PROVIDED MATERIAL —
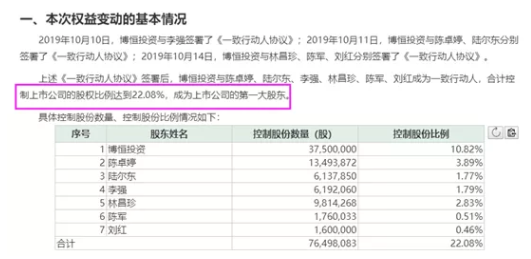 管理900亿的私募大佬，失联了？！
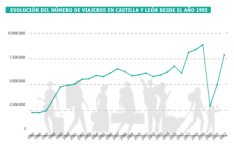 Gráfico con la evolución del número de viajeros en Castilla y León dese el año 1995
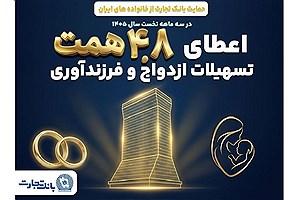 بانک تجارت با اعطای 4.8 همت تسهیلات ازدواج و فرزندآوری از خانواده‌های ایرانی حمایت کرد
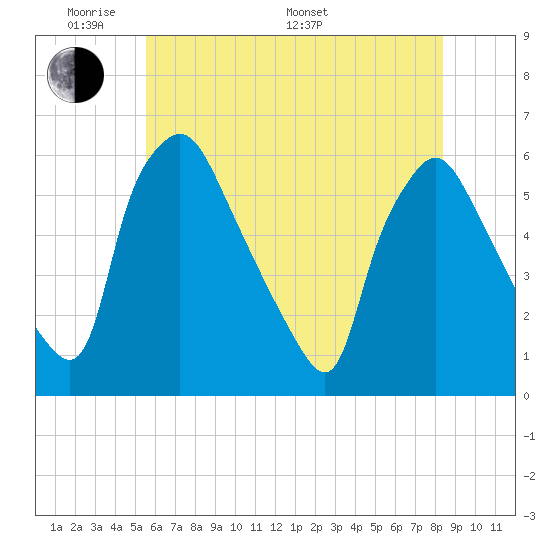 Paulsboro tide chart for Thursday, May 30, 2024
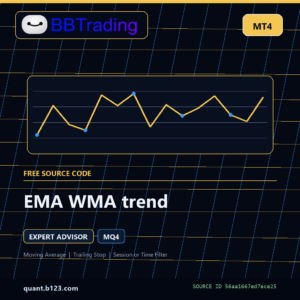 EMA WMA trend MT4 EA source code download cover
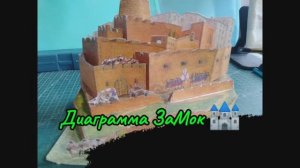 Диарамма ЗаМок 🏰 из бумаги своими руками.
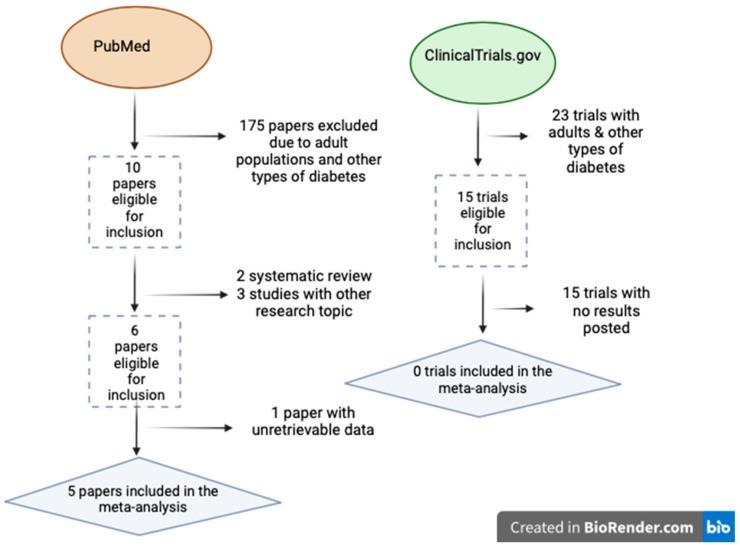 https://cdn.ncbi.nlm.nih.gov/pmc/blobs/bb77/11357215/117e4a421980/nutrients-16-02629-g001.jpg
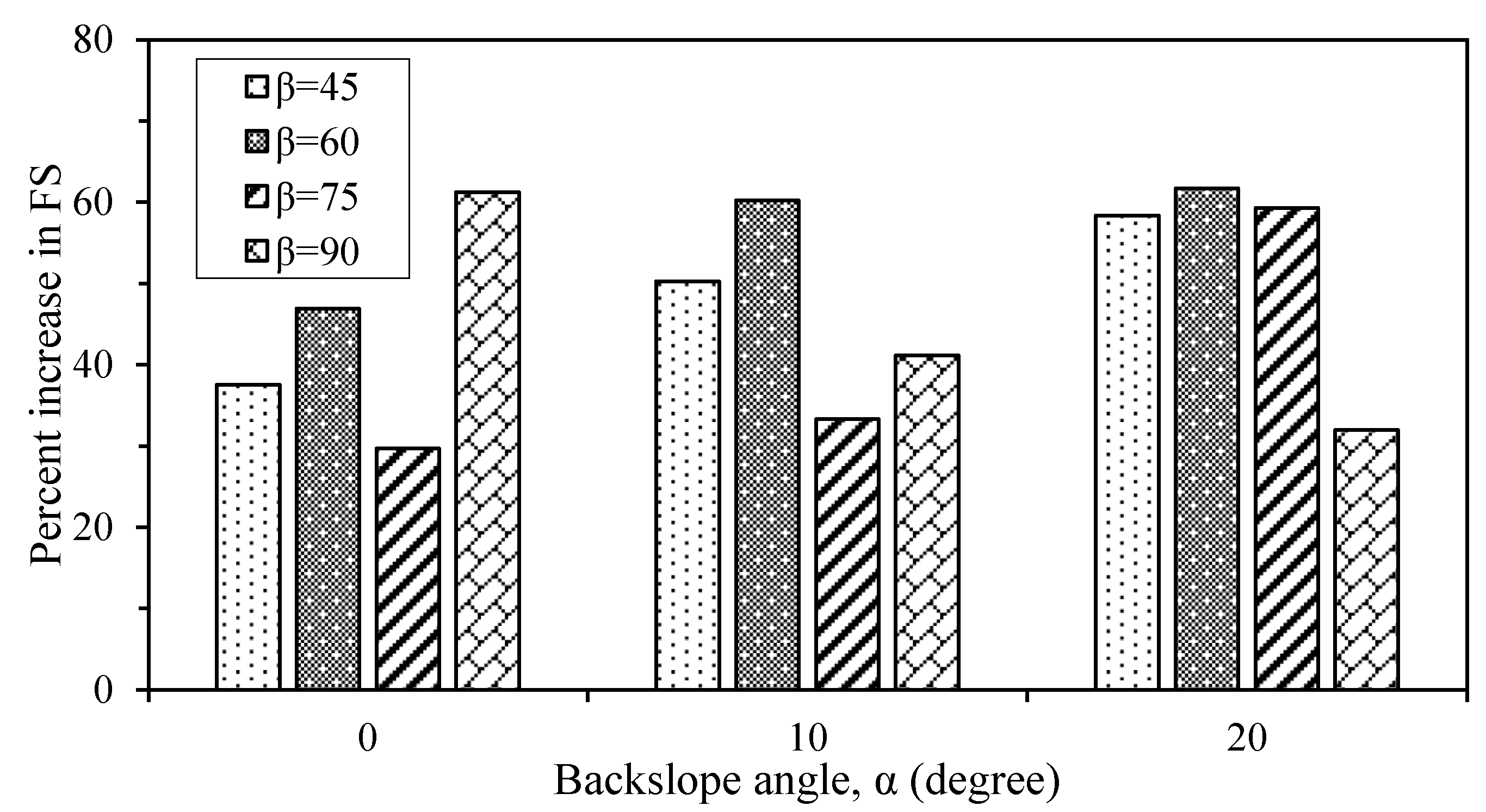 Geotechnics 02 00030 g016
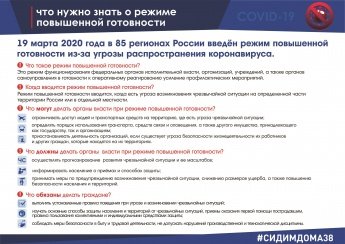 Что нужно знать о режиме повышенной готовности
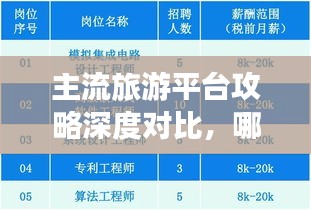 主流旅游平臺(tái)攻略深度對(duì)比，哪個(gè)更適合你的國(guó)內(nèi)旅行需求？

PROBLEM REQUIREMENTS —
Give every line of the listing above again, exactly, with no images.

TASK OUTPUT —
 管理900亿的私募大佬，失联了？！
 Gráfico con la evolución del número de viajeros en Castilla y León dese el año 1995
 بانک تجارت با اعطای 4.8 همت تسهیلات ازدواج و فرزندآوری از خانواده‌های ایرانی حمایت کرد
 Paulsboro tide chart for Thursday, May 30, 2024
 EMA WMA trend MT4 EA source code download cover
 Диарамма ЗаМок 🏰 из бумаги своими руками.
 https://cdn.ncbi.nlm.nih.gov/pmc/blobs/bb77/11357215/117e4a421980/nutrients-16-02629-g001.jpg
 Geotechnics 02 00030 g016
 Что нужно знать о режиме повышенной готовности
 主流旅游平臺(tái)攻略深度對(duì)比，哪個(gè)更適合你的國(guó)內(nèi)旅行需求？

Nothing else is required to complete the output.